November ends today, and I have banked another 50k words towards a novel, so I “won”—the kind of winning I like best because it’s based on my own goals and standards and is set up so my win doesn’t take away anyone else’s chance to win, and yes, that is the kind of person I am.
I thought I’d celebrate this milestone, my tenth official win according to NANOWRIMO, with a few takeaways from my process this month.
Daily effort = results
I had good writing days and not-so-good ones. I had times filled with inspiration, and times that definitely were not. But making myself write something every day pays off.
Okay, yes, there will be a lot to cut. A LOT. There are entire scenes that are now irrelevant. But finding out why they are irrelevant is important—it means I’m figuring out what the story actually is, like carving a sculpture out of a stone. I have to remove the parts that aren’t right so I can see what is.

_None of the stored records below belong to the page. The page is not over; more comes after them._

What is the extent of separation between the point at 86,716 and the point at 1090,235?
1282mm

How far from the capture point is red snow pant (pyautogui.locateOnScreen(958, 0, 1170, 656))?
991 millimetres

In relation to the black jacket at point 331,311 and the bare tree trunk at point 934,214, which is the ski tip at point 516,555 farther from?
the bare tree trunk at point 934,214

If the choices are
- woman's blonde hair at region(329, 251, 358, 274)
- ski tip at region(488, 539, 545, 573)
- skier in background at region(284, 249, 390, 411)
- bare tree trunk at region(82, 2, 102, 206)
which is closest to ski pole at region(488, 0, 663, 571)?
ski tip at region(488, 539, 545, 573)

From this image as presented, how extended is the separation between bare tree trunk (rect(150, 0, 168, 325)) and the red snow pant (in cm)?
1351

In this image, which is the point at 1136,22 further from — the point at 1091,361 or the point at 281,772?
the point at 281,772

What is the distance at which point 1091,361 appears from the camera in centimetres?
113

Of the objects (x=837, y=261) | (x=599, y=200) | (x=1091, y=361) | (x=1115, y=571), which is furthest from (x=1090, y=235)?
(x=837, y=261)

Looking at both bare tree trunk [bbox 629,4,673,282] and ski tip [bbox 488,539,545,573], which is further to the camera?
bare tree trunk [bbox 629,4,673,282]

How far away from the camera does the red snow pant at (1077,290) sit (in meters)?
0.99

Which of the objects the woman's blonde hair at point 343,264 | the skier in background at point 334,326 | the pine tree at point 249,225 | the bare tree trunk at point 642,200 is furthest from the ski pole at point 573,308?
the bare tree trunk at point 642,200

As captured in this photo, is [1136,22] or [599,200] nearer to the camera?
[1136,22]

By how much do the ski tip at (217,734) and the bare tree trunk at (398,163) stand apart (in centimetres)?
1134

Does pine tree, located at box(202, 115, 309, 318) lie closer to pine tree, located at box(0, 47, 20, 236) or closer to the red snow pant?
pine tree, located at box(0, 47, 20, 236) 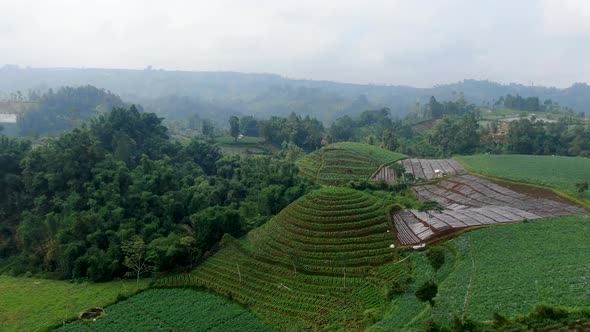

Adding comments along the way helps.
I’ve gotten in the habit during nanowrimo to add comments to my draft as I go along, as needed. Sometimes, it’s because I know I need to come up with a name for a character or place or a concept, or I did make one up but I have forgotten it and don’t want to go searching right now for it. So I type something else, such as CHARACTERNAME in caps, or the wrong name, such as Jill?, and then attach a comment there to fix it later.
Other comments are questions or reminders or concerns about what I just did, a kind of red flag to say to future Cama that this needs fixing but I need to keep writing right now.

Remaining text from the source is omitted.